Yes, the waterproofing on the Samsung (as David points out) might out-point the i-Phone.

But look at the previous pricing Samsung strategy. They have always made good quality products and that is unquestioned. And it has done so at less than the price of Apple.

The Samsung S5 sat at the pinnacle of design / features at a RRP of $879 when it was introduced some two years ago. The S6 raised the price a little and reduced features.

The S7 reintoduces a couple of 'removed' features (ie. re-added external memory) and pops the price up by a significant amount. That's a huge price to pay for being able to stand in the shower and take a call, if you have to.

My point is that the jump from top of the line S5 $879 to  the Edge 7 $1249 (over 2 yrs) is a major jump in price, for what seems to be not a lot of extra features. If 'better power management' is your major draw, then there is something incremental (as opposed to truly innovative) about this release.

And not to slag off Apple, but it is undeniable that i-Phones (however popular, subsidized or marketed they might be) have always been over-priced in comparison to the rest of the market.

Using the 'you get what you pay for' simile is as analogous as saying 'Apple is immune from malware'.

Qantas - Qantas Frequent Flyer Platinum

07 Feb 2013

Total posts 548

I'll agree with you on one thing that apple and iphones have been way overpriced from the start. They rely on their diehard cult fans just purchasing everything they release blindly. Even some of them I think are coming around now they realise the iphone is an inferior product in almost every spec and way and costs around the same

Qantas - Qantas Frequent Flyer

02 Jul 2011

Total posts 1377

You might want to look at what the AUD has done over the intervening period.  Almost all electronic goods have jumped substantially in the last couple of years.

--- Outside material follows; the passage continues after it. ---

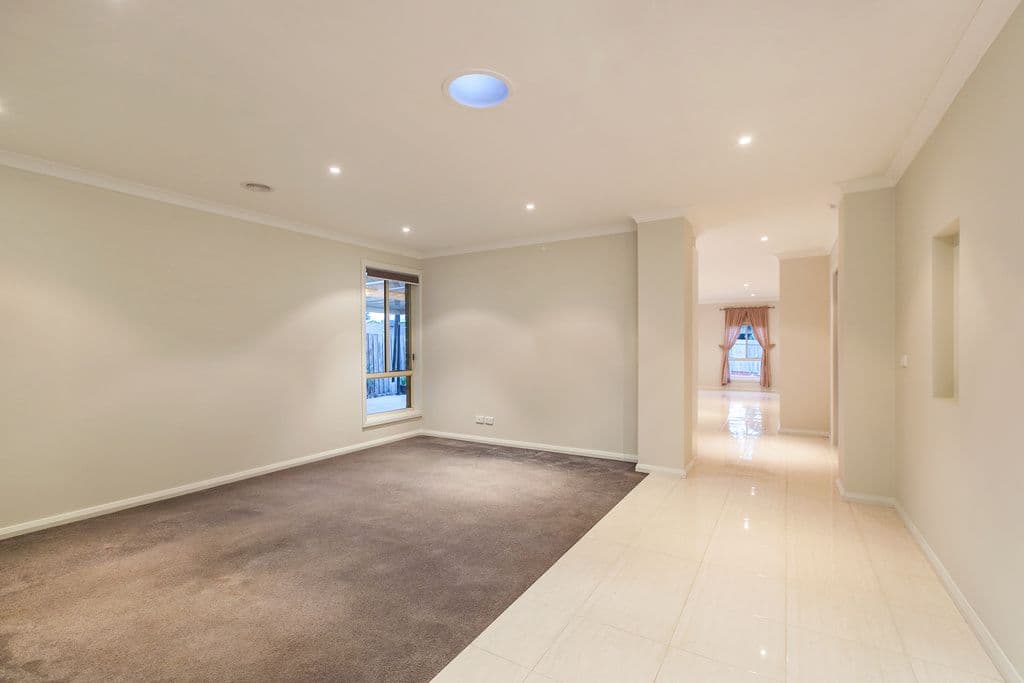 14 Chandler Drive, SOUTH MORANG VIC 3752, South Morang - Thumbnail 3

Qantas - Qantas Frequent Flyer

11 Oct 2014

Total posts 692

Appreciate your comment but I would counter with the following. Both Apple & Samsung are on a 12 month product cycle, so the new model would have been designed no more than 12 months ago and production would have begun approx 5-6 months ago max. By comparison, Apple's manufacturing build cycle is typically 3-4 months prior to release.

In the past 12 months, the rate of exchange for the AUD has slid by 3.5%. We are talking about a price change from approx $950 for the S6 to $1249 for the S7 Edge. That represents a price change of some 30% and is outside the variation in exchange rates. It also bears little relation to the same exchange related price of the equivalent Apple product IMO.

Qantas - Qantas Frequent Flyer

11 Oct 2014

Total posts 692

To all the 'legends' that doubt my post and have 'down-voted' it, you only need to look at this endorsement:

In the USA, T-Mobile is now offering a '2 for 1' sale on the S7 and S7 Edge handsets. Since the US market has been moving out of 2 year contracts and subsidising handsets since 2013, this is certainly an interesting move.

Good phone, undoubtedly - but 'runaway' success or truly innovative? I don't think so. As said, what it is IMHO .. is highly over-priced, at least in Australia.

Qantas - Qantas Frequent Flyer

02 Jul 2011

Total posts 1377

A must for travellers I would say is Dual SIM.

I also have an issue paying over $1000 for any phone.

Thus my likely winner for the year is the soon to be released Xiaomi Mi5. Likely have to get it as a grey import but it looks like a fantastic phone and half the price fo the S7

Virgin Australia - Velocity Rewards

16 Dec 2015

Total posts 41

A feature quite possibly more important to international travellers than any of those listed is decent band support on WCDMA and LTE networks.

This is one area where Samsung (and Android OEMs in general) have traditionally looked extremely weak against Apple due to their region-specific products. The S6, S6 Edge and S6 Edge+ improved on this greatly and it looks like the S7 and S7 Edge improve on this further:

For some strange reason (if these specifications are right), they've dropped AWS support though.

21 Aug 2015

Total posts 86

Well guys if you think phones are a status symbol all this may be important, but a solid reliable mid range phone is good enough. I run an LG, less cluttered Android operating system, amazing camera.............less than half the price for the 2015 for Apple, over priced, under featured, planned obseescence.